China plans to explore permanently shadowed areas near the Moon’s South Pole and send a spacecraft there to do so. An article about this was published in the Journal of Deep Space Exploration.
There is no change of seasons on the Moon, and therefore, in the region of the poles, the Sun never rises to a significant height from the horizon. Because of this, on the Moon there are both peaks of eternal light, where eternal day reigns, and craters of eternal darkness, over which the Sun never rises. These craters are of interest to scientists due to the fact that volatile compounds, including water, can accumulate in them for a long time.
Researchers from Fudan University have published an article on choosing a landing site on the moon. It follows that the Chinese mission “Chang’e-7” will try to land at the South Pole in an illuminated area next to a permanently shaded crater.

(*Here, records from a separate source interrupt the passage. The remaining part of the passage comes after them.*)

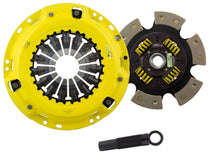 Load image into Gallery viewer, ACT Clutch Kit Toyota Camry 2.5L (2010-2011) 4 or 6 Puck Sprung Heavy Duty/Race Alternate Image
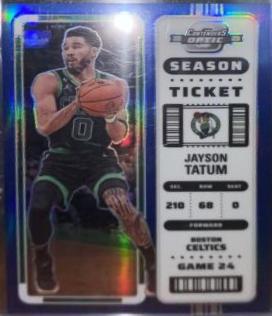 Jayson Tatum
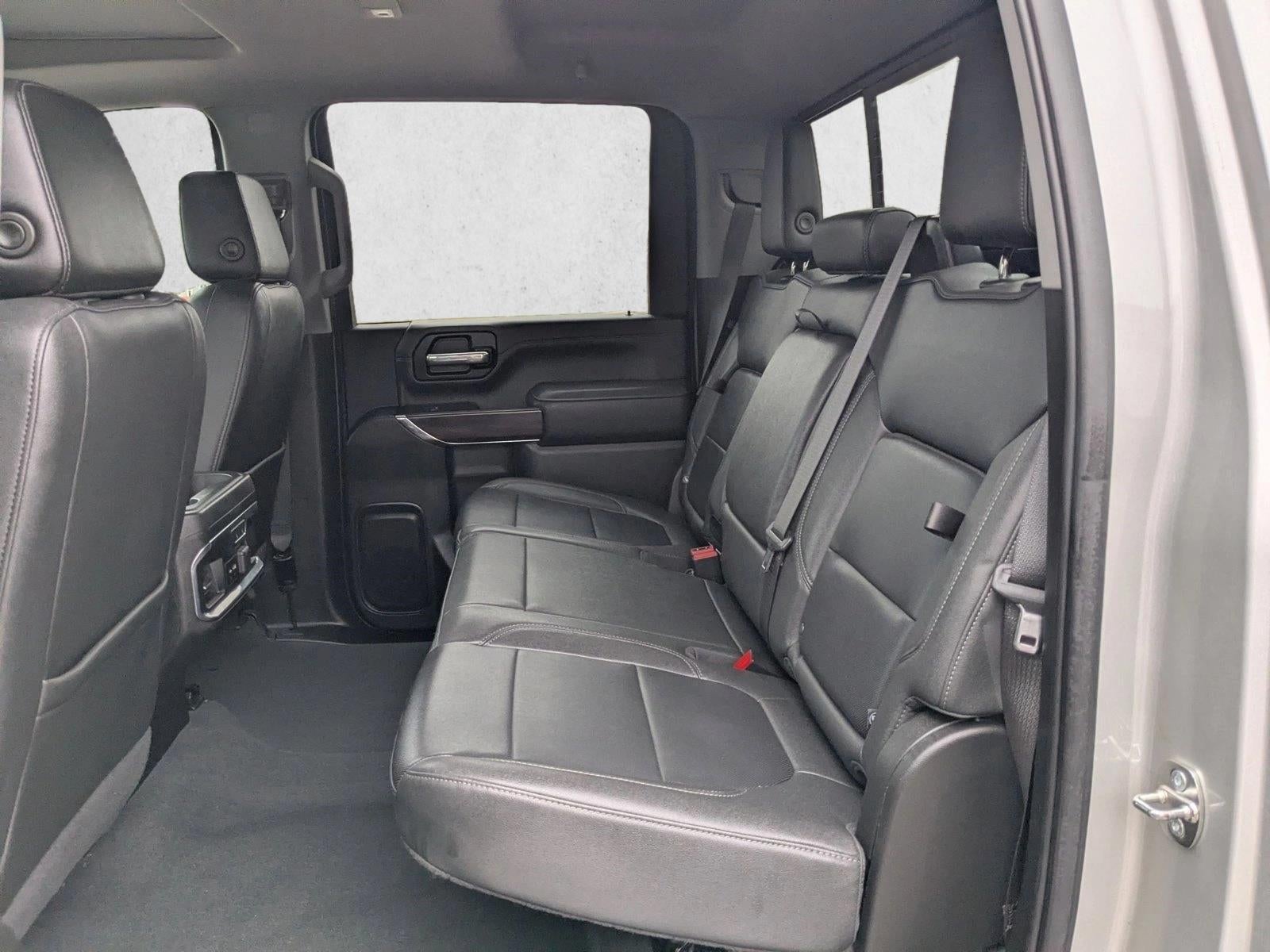 2023 GMC Sierra 3500 HD SLT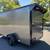2026 Enclosed Cargo Trailer 6x12 / NEW 6 thumbnail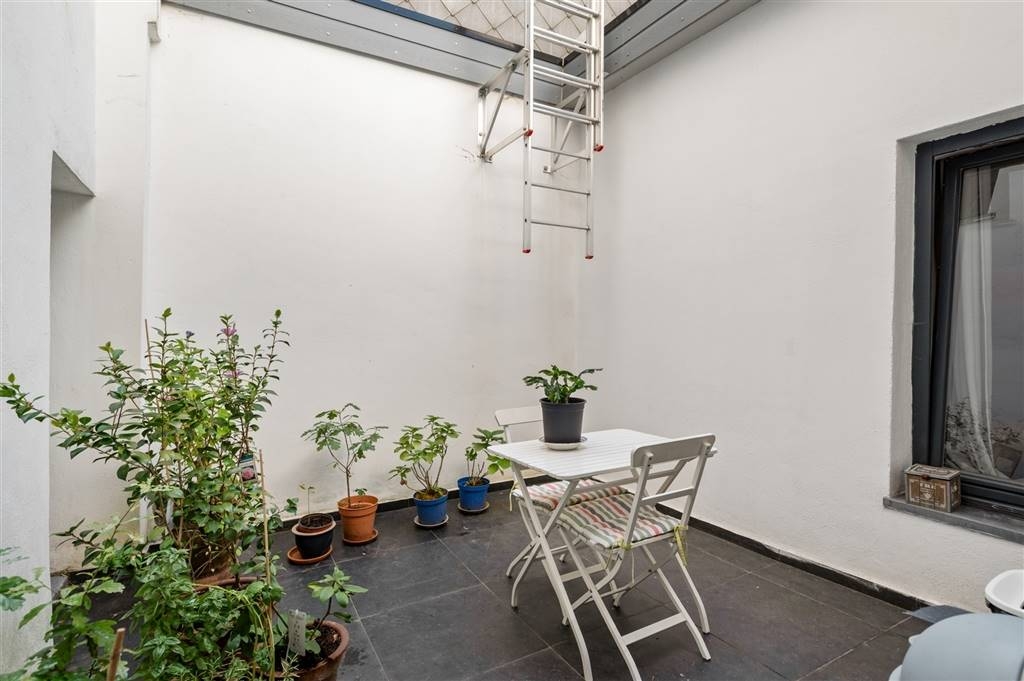 Appartement te koop in Antwerpen 2000 299000.00€ 1 slaapkamers 66.00m² - Zoekertje 558781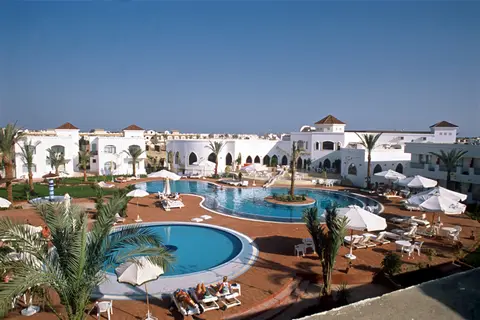 Viva Sharm Hotel in Sharm El Sheikh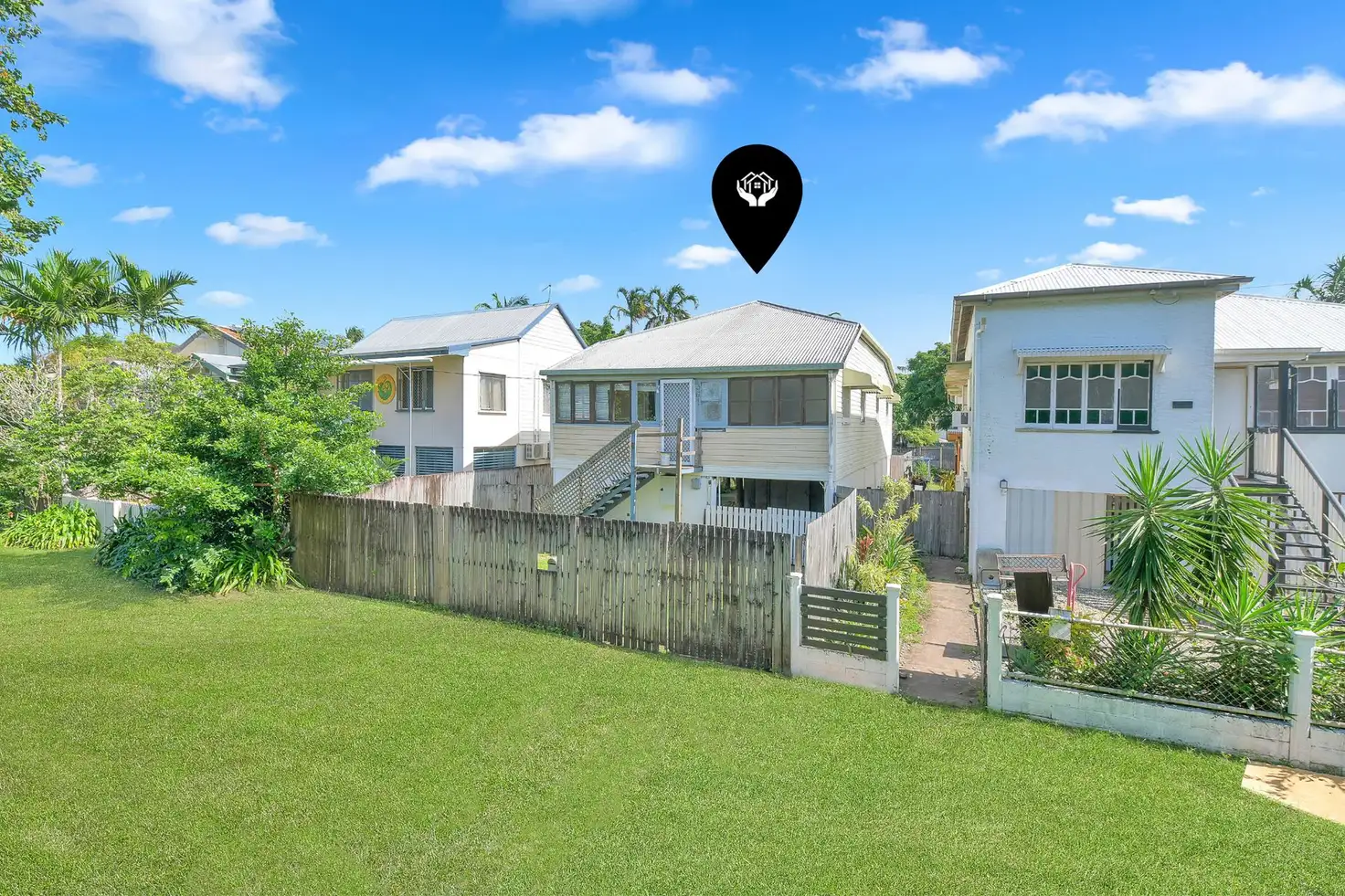 Main view of Homely house listing, 361 Draper Street, Parramatta Park QLD 4870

This will allow us to explore the crater for chemical compounds useful in the future development of the earth’s satellite.
The Chang’e-7 mission, which is expected to launch in 2024 or 2025, will consist of several spacecraft, including an orbiter, relay satellite, lander, rover and “flying mini-detector”. Searching for water ice in a permanently shaded area is marked as the main objective of the mission, which is what the mini-detector is for. The main candidate for its role seems to be the HexaMRL, a six-legged mobile lander developed by Shahai Jiao Tong University. The spacecraft will be capable of multiple takeoffs and landings, locomotion on six legs, and sampling of lunar regolith.
As one of the potential landing sites, the authors of the work explored the areas of the Shackleton and Shoemaker craters. Data about them was taken from the American LRO orbiter.